|

Automation and Crime – Limitations and Penalties of Web Crawling in South Korea

As big data and artificial intelligence (AI) technologies continue to advance, the importance of ‘web crawling’ – collecting and analyzing vast amounts of data from the web – is growing daily. From search engines to price comparison sites and market analysis reports, various services rely on crawling technology. However, behind the convenience lies the shadow of legal disputes. Many businesses have been particularly concerned about the extent to which crawling a competitor’s data is permitted under the law.

Amid this controversy, the South Korean Supreme Court recently issued a final ruling (Supreme Court Decision 2022. 5. 12. 2021Do1533) on a data crawling case between competing accommodation booking platforms. This judgment holds significant importance as it represents the Supreme Court’s first decision on criminal liability for data collection through web crawling.

1. Case Overview: Web Crawling a Competitor’s Data

This case involves executives and employees of Company A (the defendant company), which operates an accommodation information and reservation service, who were prosecuted for allegedly collecting data without authorization from the mobile app (‘Direct Booking’) or PC website of Company B (the victim company).

Key Elements of the Prosecution’s Case:

  • Information Acquisition: The defendants used packet capture programs to discover the victim company’s app program source, API server information (modules, URL addresses, command syntax, etc.).
  • Abnormal Access: Using the discovered information, they directly accessed the victim company’s API server from a PC, disguising themselves as normal users.
  • Development and Use of Crawling Programs: They developed and used a crawling program that retrieved information about all accommodation establishments within a specific location (1000km radius from the defendant company). (Normally, the victim’s app only provided information within a 7-30km radius of the user’s location).
  • Unauthorized Data Replication: For approximately four months (June 1 – October 3, 2016), they accessed the API server once or twice daily using a crawling program and copied information such as affiliated accommodation names, addresses, and room names without authorization.

Charges Filed:

  • Violation of the Act on Promotion of Information and Communications Network Utilization and Information Protection (network intrusion)
  • Copyright Act violation (infringement of database producer rights)
  • Criminal law violation for computer obstruction of business

Conflicting Lower Court Decisions:

First Instance Court (Guilty):

  • (Network Intrusion) The court recognized intrusion based on the fact that the victim company did not disclose API information, prohibited the use of automatic connection programs in its terms of service, and the defendants continued to access by changing IPs despite IP blocking.
  • (Copyright Violation) The court determined that the database was repeatedly and systematically copied 264 times over six months.
  • (Business Obstruction) The court found that requesting nationwide information beyond the normal search range of the app generated mass calls and obstructed business operations.

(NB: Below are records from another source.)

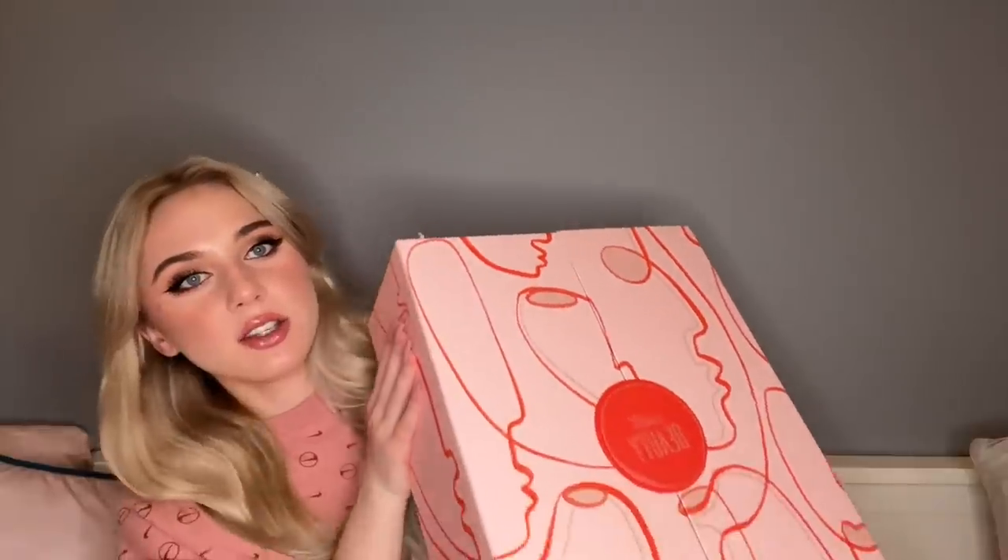Today we're opening a beauty advent calendar - the Cult Beauty one. I had to get it on eBay because I didn't buy it in time from the official website, so I had to buy from a reseller for more money. Cult Beauty is a UK retailer that sells brands usually sold in Sephora in America - Huda Beauty, that kind of stuff. It's huge and heavy, so I'm expecting great things.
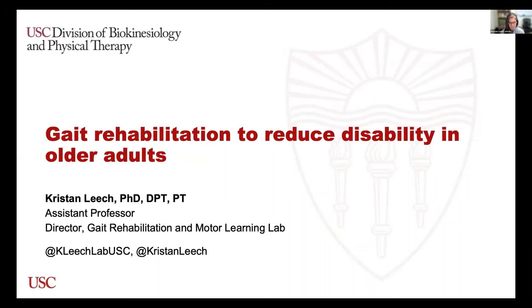Thank you, Lori. Thank you for letting me speak today. As Lori mentioned, I am an assistant professor in the division and I've been here for about two and a half years. And if you're paying close attention to that timeline, that means I started about nine months before the world shut down.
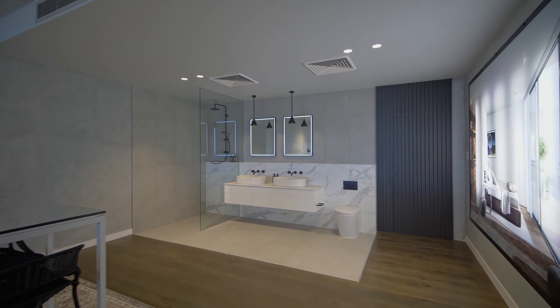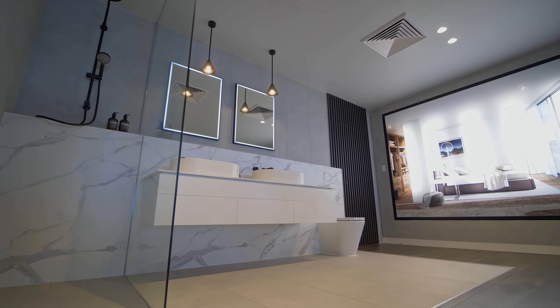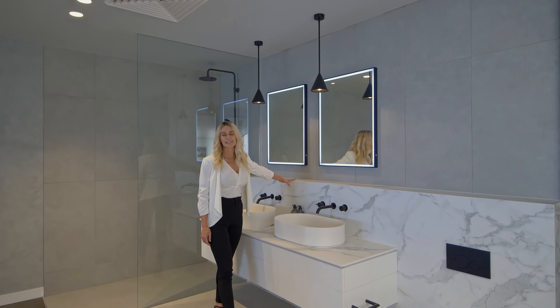What I love about this bathroom is the Calcutta marble plinth. Beautiful storage for apartment living. I love the LED backlit mirror, paired with the black tapware.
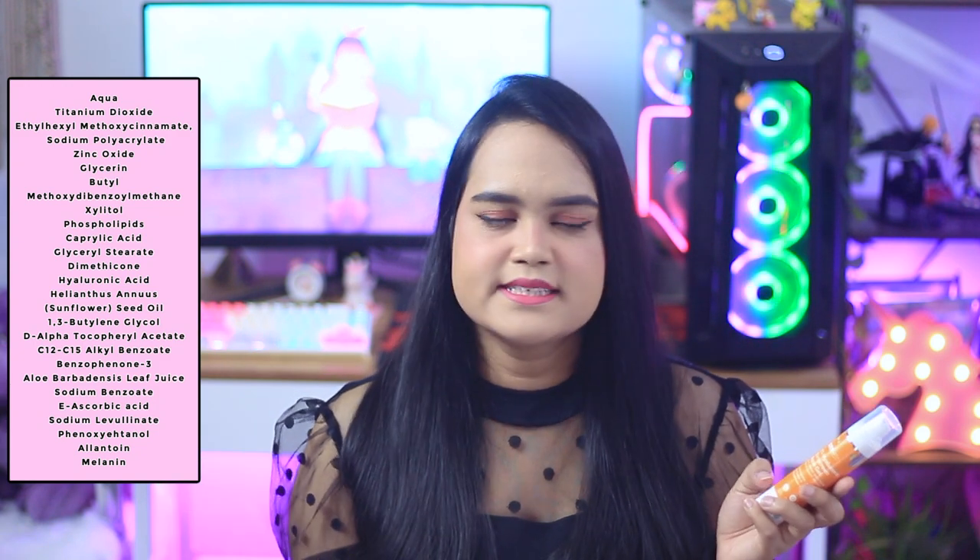Many of you are scared of benzophenone, but recent studies have shown it is not that bad when used correctly, so I don't have any complaints regarding that ingredient. The sunscreen also has vitamin E as D-alpha tocopherol acetate, which is a very stabilized version of vitamin E. It also has soothing ingredients like allantoin, aloe leaf juice, and 1% hyaluronic acid, which is super hydrating.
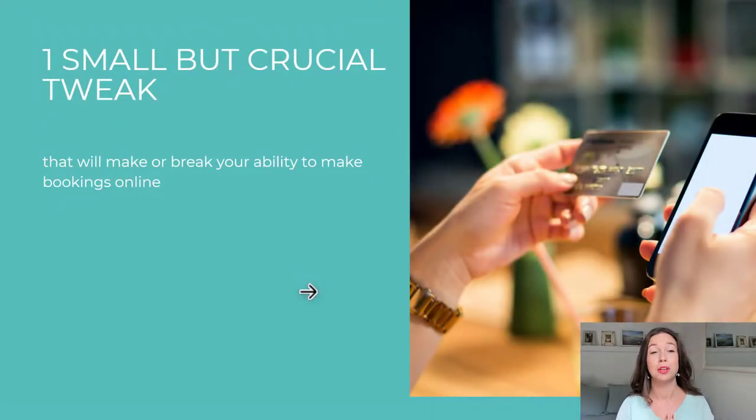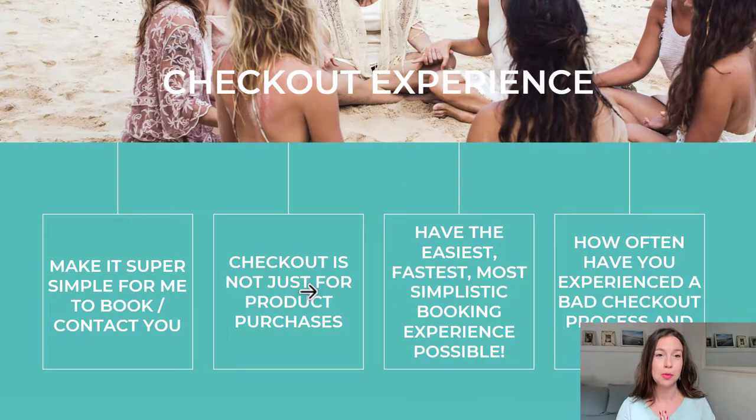Let's talk about the one small but crucial tweak that will make or break your ability to make bookings online. It is the booking or checkout experience. You need to make it super simple for a visitor to book or get in contact with you — really, really easy. Eliminate the unnecessary steps, and when you think of checkout experience, do not just think it's for buying a product online on an e-commerce website such as Amazon.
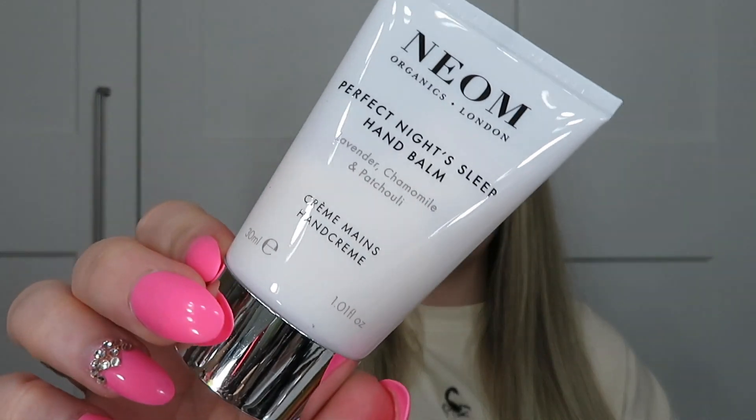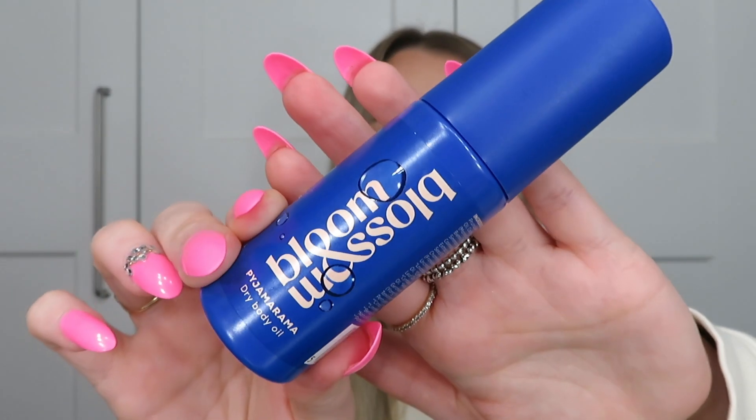The next product is from Neon — the Perfect Night Sleep hand balm, 30ml worth £9. I'm currently using the Perfect Night Sleep candle and it smells so good — very lavender and chamomile heavy, really relaxing, like a pillow spray scent. Then we have a full-size Bloom and Blossom Pyjama Rama dry body oil worth £12. You spray it over your entire body and gently massage until absorbed — something you'd use at bedtime. Made with 99% naturally derived ingredients, it conditions dehydrated skin and helps calm your mind pre-bedtime.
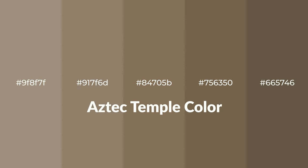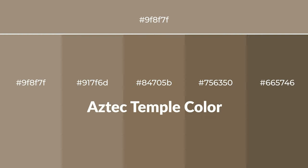Warm shades of Aztec Temple color with brown hue for your next project. To generate tints of a color, we add white to the color. Tints create light and exquisite emotions.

Appellate Court (Not Guilty):

  • (Network Intrusion) The court determined that no membership registration or password was required for API access, packet capture was ordinary, there were no technical measures to hide the API server URL or block access, the information taken was public, expanding the search range did not exceed access rights, and terms of service applied to members only. IP blocking was merely a detection of repeated access, not a prohibition of all access.
  • (Copyright Violation) The information collected (3-8 items) did not constitute a “substantial portion” compared to the entire database (about 50 items), and the content was mostly public information accessible through the app.
  • (Business Obstruction) The API server was designed to return information according to commands; requesting information within the allowed command syntax was not “inputting false information or improper commands,” and server outage dates could coincide with periods of increased normal usage.

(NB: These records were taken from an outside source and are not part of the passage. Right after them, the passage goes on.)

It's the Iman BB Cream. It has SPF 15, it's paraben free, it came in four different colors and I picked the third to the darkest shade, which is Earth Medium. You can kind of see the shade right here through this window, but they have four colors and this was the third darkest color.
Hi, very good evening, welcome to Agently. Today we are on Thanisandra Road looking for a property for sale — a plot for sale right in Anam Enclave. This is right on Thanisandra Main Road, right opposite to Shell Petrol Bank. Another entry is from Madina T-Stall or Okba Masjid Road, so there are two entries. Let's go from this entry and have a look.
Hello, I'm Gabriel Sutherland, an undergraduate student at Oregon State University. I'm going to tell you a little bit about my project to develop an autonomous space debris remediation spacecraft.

With such stark differences between the first instance and appellate court rulings, attention focused on the Supreme Court’s final judgment.

2. What is Web Crawling and What Legal Issues Does It Raise?

To understand the Supreme Court’s decision, let’s first examine web crawling technology and related legal issues.

The Concept of Web Crawling:

Web crawling uses ‘crawler’ robots (software) to automatically explore and collect web page data from the internet. Starting from a specific web address (URL), it downloads and stores data by following links in a page sequentially.

  • Difference from Web Scraping: While scraping focuses on extracting and processing specific information from web page screens, crawling is closer to collecting web pages themselves and gathering extensive data by following links. However, in practice, these terms are often used interchangeably for data collection purposes.
  • Distinction from Hacking: Crawling generally involves accessing ‘publicly available’ servers to retrieve information, distinguishing it from hacking, which illegally infiltrates systems or alters data. (This Supreme Court ruling is significant as it legally confirms for the first time that crawling does not constitute ‘hacking’ in the form of network intrusion.)

Applications of Web Crawling:

  • Search Engines: Google, Naver, and others use crawlers to collect and index global web information for search services.
  • Price Comparison: Crawling product information from various shopping malls to compare prices.
  • Data Analysis: Crawling news articles, social media posts, etc., to analyze social trends and public opinion.
  • Market Research and Competitive Analysis: Collecting publicly available price and service information from competitors to develop business strategies.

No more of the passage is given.